Viral Villains & Oxygen Magic


Fast forward to May 9th. Our team of 12 split into two groups — Group A (5 climbers) and Group B (7 climbers). The plan was simple: power through the icefall and head straight to Camp 2 at 6,400m.

Simple, right? Well, my stomach had other plans. Just as I cleared the icefall, my body decided to throw a tantrum. Relentless nausea, vomiting, and the delightful sensation of wanting to crawl into a hole and request an evacuation.


Doc Christian at Base Camp diagnosed me with a mysterious virus and prescribed the classic “wait it out” approach. So, armed with a handful of pills and sheer determination, I stayed put at Camp 2 while my Team A buddies pressed on. 


After three days of throwing up anything I tried to eat and in a constant sweat despite it being -20 degrees, I finally rejoined Team B, still weak but stubborn as ever, with a mind set of “let’s see if I can make the next camp, and if not i will return to base camp.”


Camp 3. 7,200m. 


At this point, most climbers start using supplemental oxygen. I, however, managed 400m before realizing that without O2, I was essentially a glorified sack of potatoes. One deep breath of that sweet, sweet oxygen, though, and boom — instant superpowers. Camp 3 suddenly became a much friendlier place. 


The Big Decision: Summit or Soar?


Later that same day, at around 9 pm after a good 8 hours rest, my team was gearing up for the final summit push. 


The plan was simple: climb to Camp 4 at 8,000m in the South Col. This saw us taking a slow plod up via the Yellow Bands and past Lohtse’s High Camp to the final steep slope of the Geneva Spur and into the South Col. At this point, I was starting to feel normal again with my appetite and strength returning — happy days! 

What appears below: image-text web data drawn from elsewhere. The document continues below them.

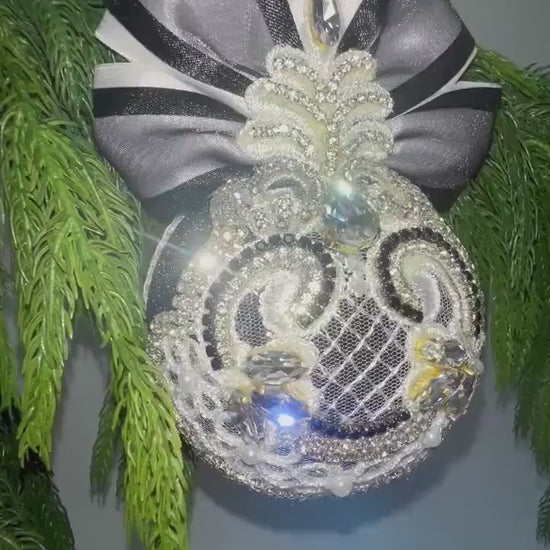 Handcrafted Gothic Halloween Ornaments: Monochrome Spooky Tree Decor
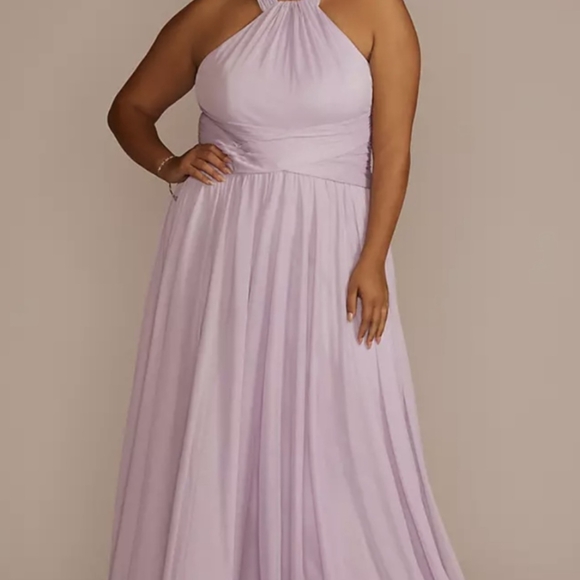 Halter Maxi Bridesmaid Dress - Picture 2 of 6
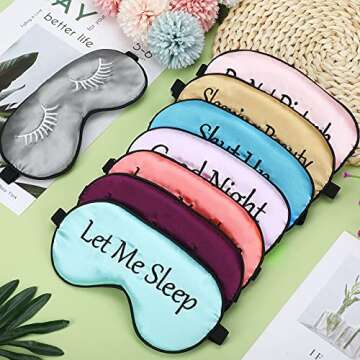 8 Pieces Sleep Mask Silk Eye Mask with Adjustable Strap Soft Blackout Blindfold Sleeping Eye Cover Mask for Women Men Full Night's Sleep, Travel, Nap, Meditation, Blindfold (Fresh Colors)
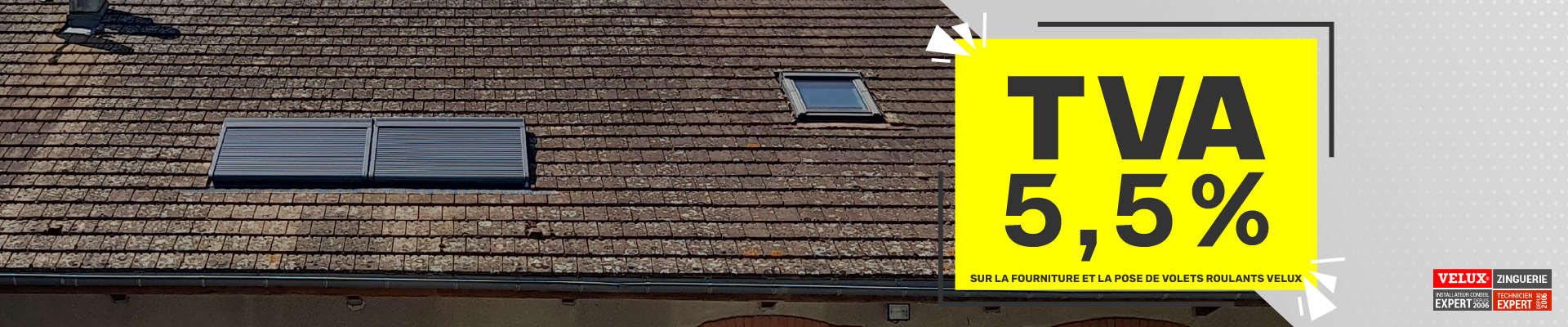 banniere tva 5,5 pourcent sur la fourniture et la pose de volets roulants velux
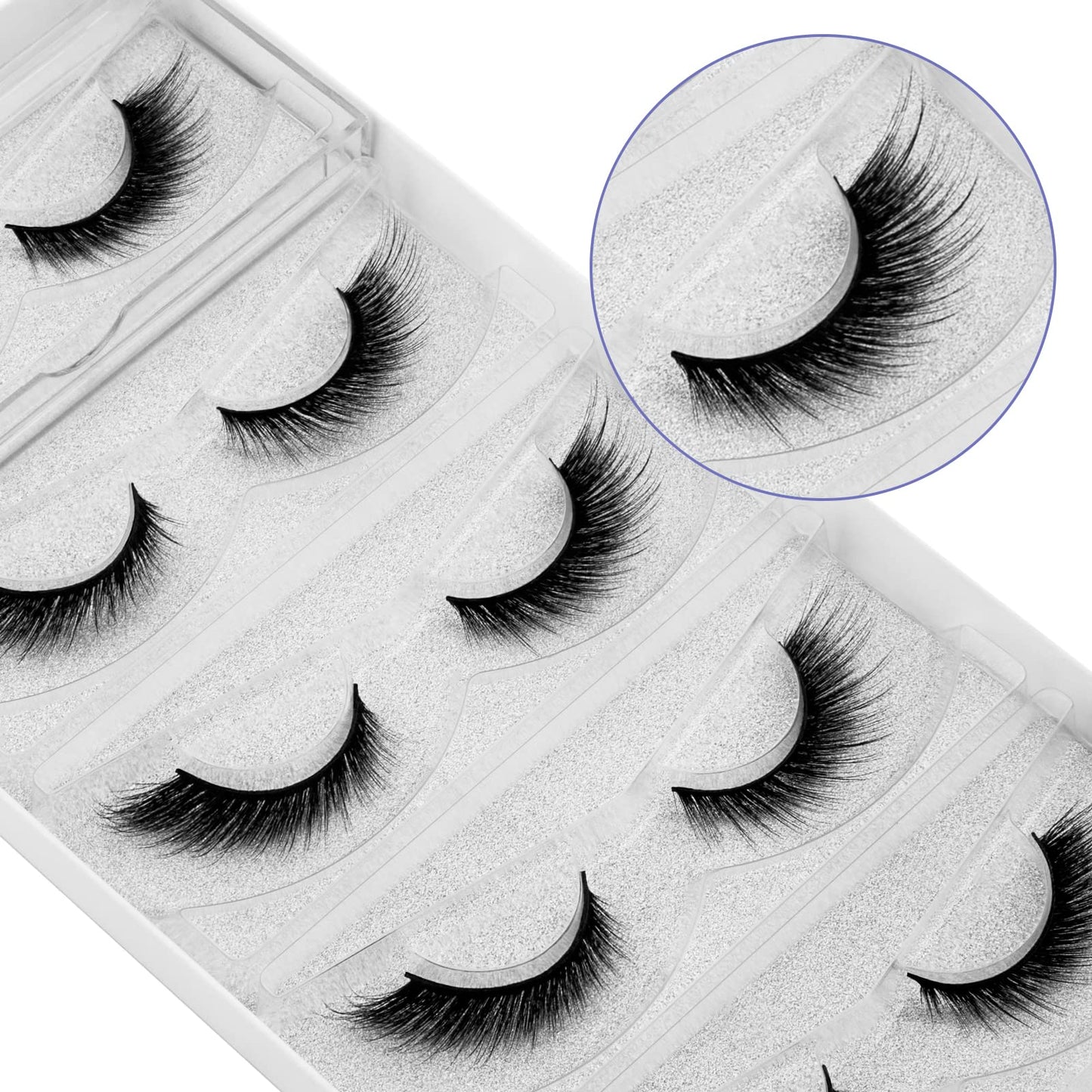 DYSILK Mink Lashes False Eyelashes - Lash Extension Strip Eyelashes 5 Pairs 6D Lashes Fox Eye Mink Eyelashes False Lashes Reusable Fake Eyelashes Mink Beauty and Personal Care DYSILK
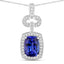 2.62 Carat Genuine Tanzanite and White Diamond Pendant in 14K White Gold
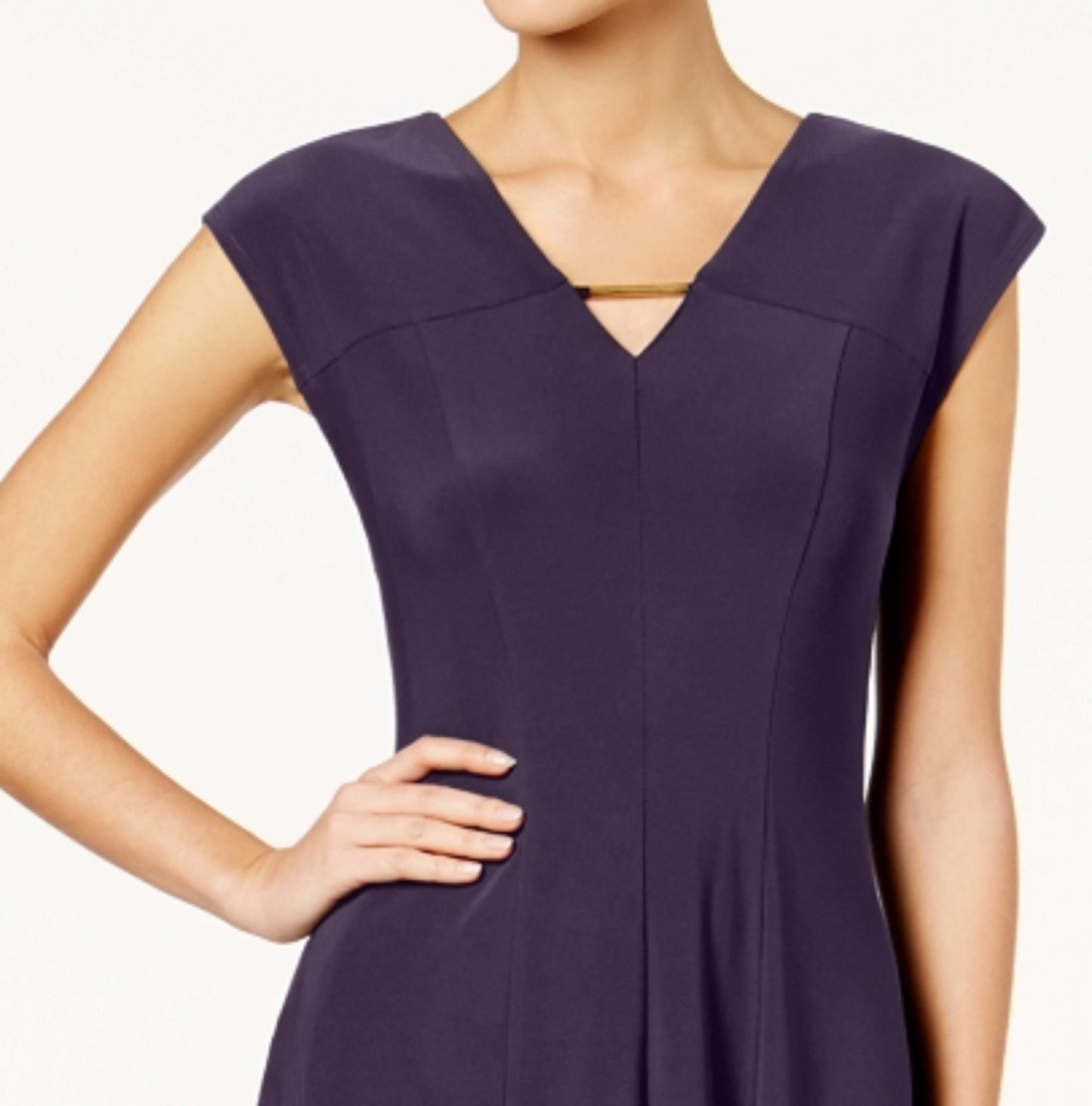 Love Scarlett Women's Fit & Flare Hardware Cutout Dress Purple Size Petite X-Large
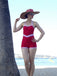 Maillot de bain une pièce rouge 1940s Patchwork dos nu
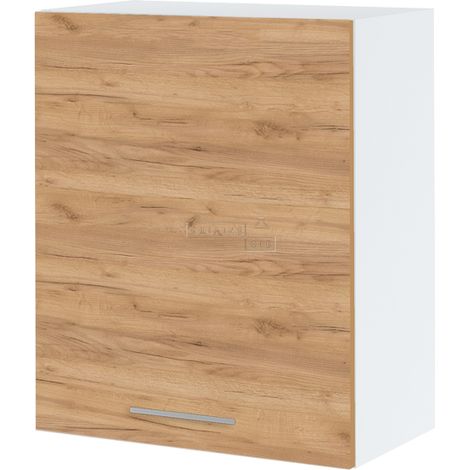 Meuble haut de cuisine Bellissi Chene 1 porte L 60 cm - Porte avec poignée apparente Décor chêne brut (1/5)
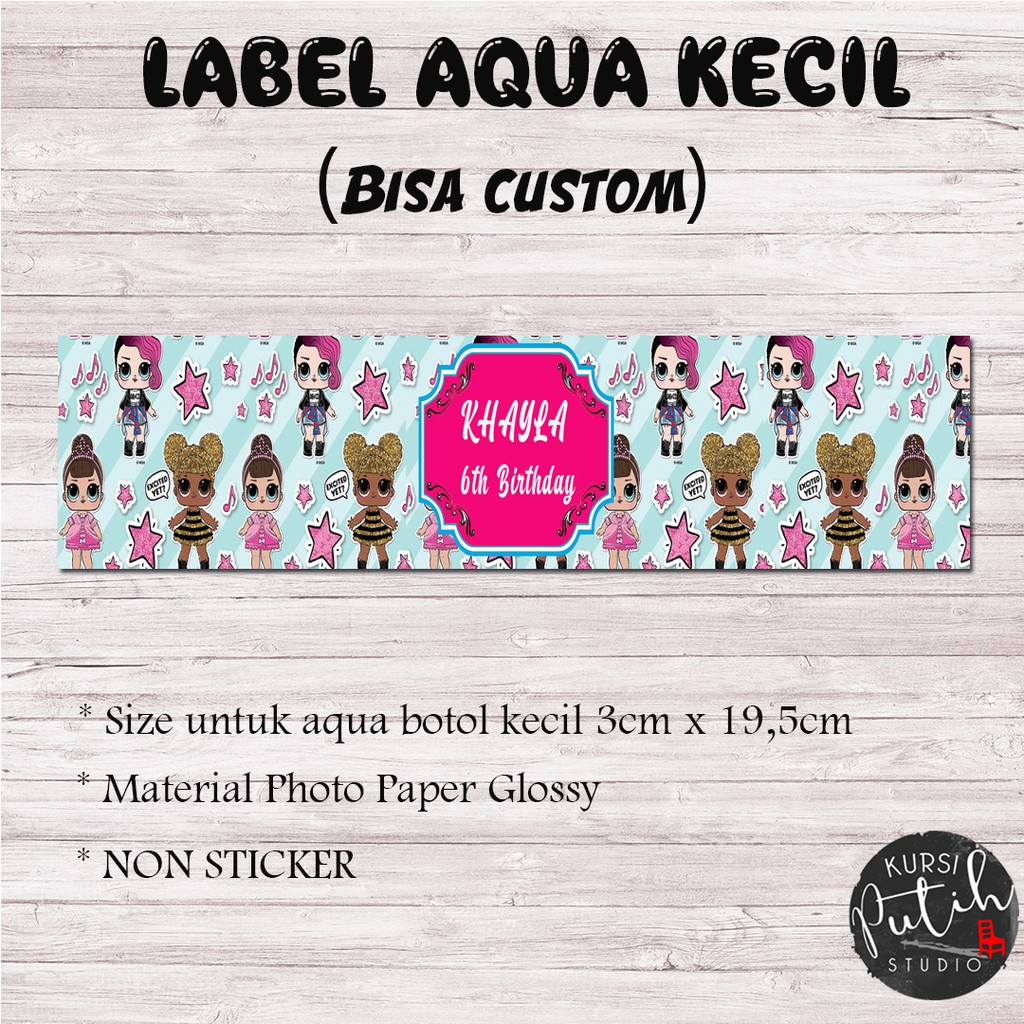 

Label Aqua Botol Kecil / susu kotak kecil bisa custom nama tema lol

After a few hours rest, we set off for the summit around 9 PM / 10 PM. I nearly joined them, but then came the gut-punch realization: summiting and paragliding down might not be possible.


Only three people had ever flown off Everest. But here I stood, with the legal permission golden ticket in hand, on the eve of perhaps breaking a personal and world first. 


The conditions were looking dicey, to say the least, and if I summited first, I risked missing the perfect window for flight (which on Everest can be few and far between).


So, the tough call was made: Fly first, summit another day!


Para-waiting at 8,000m


I had been following the daily forecast closely and getting updates from Stephen Dawwa Sherpa on a regular basis leading up to our summit bid, and there was a distinct pattern during this 7-day window.


The night was a symphony of flapping tent fabric and relentless wind. By morning, the sun was shining, the wind was a manageable 20–30 km/h, and my teammates were high-fiving their way to the summit.


But Everest wasn’t done playing games. Down below, the valley was sealed off with thick clouds from Camp 1 (6,000m) to Lukla. 


Do I launch and land at Camp 1? 

Do I wait for a break in the clouds?

Waiting won.


For two hours, I played the high-altitude version of “hurry up and wait,” watching the windsock like it held the secrets to the universe. Then, just as I was dozing off (oxygen deprivation is fun), I noticed something — the wind had dropped, and the clouds had started to part. 


This was it.


Time to Fly


I tumbled out of the tent, took one look down the valley, and knew: This is ON. The glider came out, the harness was strapped on, and after a brief battle with my “Michelin Man” suit, I was airborne.

And let me tell you: pure magic.


Ever wondered what flying at 80 km/h over the Himalayas feels like? Imagine floating through a dream where the world’s highest peaks roll beneath you like waves. The air was crisp, the view was indescribable, and for 20 glorious minutes, I was weightless.


I touched down just above the village of Gorak Shep at 5300m, where the gusty valley winds greeted me like an old friend.


Final Thoughts? “Toooooo gooooood!!!”


Looking back, every grueling moment, every bout of sickness, and every ounce of uncertainty was worth it. 

Everest is always there, waiting. But the chance to fly off its mighty shoulders? That’s a once-in-a-lifetime ride.